Do it there is no rush or challenge like it. Get a good teacher and have fun.


----------



## hunter121390 (Nov 7, 2006)

i love bow hunting. id say go for it if that's what your asking. i started bow hunting 3 years ago and i'd rather bow hunt more than anything else.


----------



## Tator (Dec 10, 2005)

1 word

ADDICTING


----------



## djleye (Nov 14, 2002)

Tator said:


> 1 word
> 
> ADDICTING


Huge addiction. If you ain't hunting, you're shooting the bow!!!


----------



## farmerj (Jun 19, 2004)

Depending on who you talk to, It's safer and more responsible to use archery than a gun....

Because it's an olympic sport.


----------



## crosshunt (Feb 10, 2009)

> Huge addiction. If you ain't hunting, you're shooting the bow!!!

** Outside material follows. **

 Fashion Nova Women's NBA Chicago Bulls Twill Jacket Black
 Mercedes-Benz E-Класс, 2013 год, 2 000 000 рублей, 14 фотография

i know when i first started bow hunting, before the season came in i was out shooting my bow after school every day till my arm got tired and i couldnt shoot anymore. and where i came from if you didnt bow hunt then you didnt really hunt that much because other than bow you only had about 2-3 weeks where it was shotgun or muzzle loader. you feel like youve accomplished something big too when you get a deer with a bow.


----------



## martin_shooter (Sep 27, 2008)

Its one think to shoot a deer with a rifle, but when you shoot a deer within 30 yards with a bow, its amazing. There is no feeling like hunting a deer with a bow. You have to know your game in much greater detail. The amount of work that goes into it becomes addicting. The first time you shoot a deer with a bow, no matter how big or small, it will be one of the best deer you ever shoot.


----------